The gerund form of amend } is one of the more powerful J constructs because
replacing elements is a core data processing function, and the gerund version
covers all needed flexibility. It is difficult, imo, primarily due to careful
parentheses requirements of gerund building, and only verbs are permitted as
gerund parameters to } .
I recently posted a front end to } that does not require gerunds or verb
arguments and covers a broad framework for how } would be applied. v is an
index selection verb, and u a modification function. (new version correcting
for previous "bug")
ar =: 1 : '5!:1 <''u'''
amend =: [` ([. ` ar) `{`] `: 6 ` (]."_) `] }~~
a variation that applies if v is a boolean function, and I.@: should be applied
to it to create indexes to update:
amendI =: ]: amend (I.@:) NB. new tacit enhancement of (tacit) conjunction
+:@] amendI > NB. double items where x>y
([ +:@] I.@:> { ])`(I.@:>)`]} ~~
3 +:@] amendI > i.5
0 2 4 3 4
I brought this up, because it is a cool way to create in J an "update where"
(sql) function, and might be a useful approach to what you wanted to do.
On Thursday, December 23, 2021, 09:01:38 p.m. EST, Elijah Stone
<[email protected]> wrote:
On Thu, 23 Dec 2021, 'Pascal Jasmin' via Programming wrote:
> nn is an adverb that lets the passed in verb access x and y.
But x and y are a verb's arguments, which it has access to anyway. And
your examples seem to work exactly the same if one removes 'nn' from them.

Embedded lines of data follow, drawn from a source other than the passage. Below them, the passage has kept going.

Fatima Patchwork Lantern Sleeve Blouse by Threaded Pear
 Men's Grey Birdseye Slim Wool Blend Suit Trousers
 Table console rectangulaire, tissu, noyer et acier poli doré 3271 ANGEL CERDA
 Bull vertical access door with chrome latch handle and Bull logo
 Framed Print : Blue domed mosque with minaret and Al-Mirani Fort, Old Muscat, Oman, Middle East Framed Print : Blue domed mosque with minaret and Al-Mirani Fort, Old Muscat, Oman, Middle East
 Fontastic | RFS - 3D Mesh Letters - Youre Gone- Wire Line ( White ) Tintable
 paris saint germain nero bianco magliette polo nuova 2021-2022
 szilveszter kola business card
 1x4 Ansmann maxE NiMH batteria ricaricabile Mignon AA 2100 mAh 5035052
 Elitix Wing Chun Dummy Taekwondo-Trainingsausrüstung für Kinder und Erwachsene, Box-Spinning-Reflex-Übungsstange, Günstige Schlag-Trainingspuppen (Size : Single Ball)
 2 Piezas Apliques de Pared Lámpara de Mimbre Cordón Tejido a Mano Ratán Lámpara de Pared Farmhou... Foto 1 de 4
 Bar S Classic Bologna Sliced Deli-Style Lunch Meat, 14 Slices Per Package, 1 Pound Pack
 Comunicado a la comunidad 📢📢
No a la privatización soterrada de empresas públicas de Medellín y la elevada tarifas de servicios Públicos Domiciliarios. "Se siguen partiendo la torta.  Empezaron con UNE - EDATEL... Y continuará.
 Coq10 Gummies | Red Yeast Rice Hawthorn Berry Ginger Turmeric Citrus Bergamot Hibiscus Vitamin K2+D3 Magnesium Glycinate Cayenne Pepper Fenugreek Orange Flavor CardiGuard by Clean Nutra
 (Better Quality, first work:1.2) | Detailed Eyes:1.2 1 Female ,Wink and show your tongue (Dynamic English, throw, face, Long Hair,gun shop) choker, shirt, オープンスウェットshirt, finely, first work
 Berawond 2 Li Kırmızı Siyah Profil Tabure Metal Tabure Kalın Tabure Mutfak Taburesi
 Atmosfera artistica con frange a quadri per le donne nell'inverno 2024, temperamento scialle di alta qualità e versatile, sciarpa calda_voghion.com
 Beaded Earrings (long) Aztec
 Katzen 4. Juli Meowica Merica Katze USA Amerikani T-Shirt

I think I am still missing something.
> {{1 (,y#x)} y}}
>
> 1:`(,@#~)`]}
Yes, I mentioned this approach; it is not general, and I think it obscures
intent.
> but its not an obviously useful verb
It traces a subgraph. x is a list of pointers (i.e. indices into itself),
and y is a mask which selects some of those pointers. Then the result is
a mask which selects all the nodes y selects, and all the nodes pointed to
by those nodes. (I ravel because in this case x was a matrix, each row of
which was a list of pointers.)
-EB
> 2 (,@#~) i.3
>
> 2 2 2
>
> this is just going to amend the x index multiple times.
>
>
> 2 1:`(,@#~)`]} i.3
>
> 0 1 1
>
>
> On Thursday, December 23, 2021, 03:05:45 a.m. EST, Elijah Stone
> <[email protected]> wrote:
>
>
>
>
>
> I am not sure quite what you are getting at. (And I do not understand the
> difference between nn and ]:, unless it is to do with namespacing?)
>
> Here is a verb I wrote recently that I would like to be able to make
> tacit: {{1 (,y#x)} y}}
>
> It can be written as a tacit conjunction, but I would prefer the explicit
> verb, as verbs are easier to compose. (And in this particular instance,
> it was taken to a fixedpoint, so a conjunction would not work at all.)
>
> -E
>
> On Wed, 22 Dec 2021, 'Pascal Jasmin' via Programming wrote:
>
>>
>> This seems to work as a general approach?
>>
>> nn =. 1 : 'x u y'
>>
>> The new-old trains cover pretty completely your use scenarios
>> ACC
>> CCA
>> VCC
>> CCV
>> VCA
>> ACV
>>
>> 5 ([ 2 : 'u+v' -nn + ]) 3
>>
>> 10
>>
>> 5 ([ 2 : 'u+v' -@]nn + ]) 3
>>
>> 5
>>
>>
>> or with my compound modifier train framework
>>
>> 5 [ +F1 -nn +F ] 3
>>
>> 10
>>
>>
>> On Tuesday, December 21, 2021, 11:53:05 p.m. EST, 'Pascal Jasmin' via
>> Programming <[email protected]> wrote:
>>
>>
>>
>>
>>
>>>>
>> x] u C (v n.) y
>> [x] u C ([x] v y) y
>>
>> [x] u n. C v y
>> [x] ([x] u y) C v y
>>
>> [x] u n. A y
>> [x] ([x] u y) A y
>>
>>
>> you want n. to "dig through" the function to calculate a result using xy
>> before passing it to modifier without consuming/removing the xy arguments.
>>
>> For a specific (CA in your examples) modifier, this is easy as an explicit
>> definition.
>>
>> For a general function, you need to access x and y, and explicit seems like
>> the best bet with passing in a representation of the modifier.
>>
>>
>>
>> On Tuesday, December 21, 2021, 09:24:58 p.m. EST, Elijah Stone
>> <[email protected]> wrote:
>>
>>
>>
>>
>>
>> With all this discussion of tacit modifiers, I fear their lower-order
>> cousins are going out of style!
>>
>> The proof of completeness for trains
>> (https://code.jsoftware.com/wiki/Essays/Trains#Proof_of_Completeness)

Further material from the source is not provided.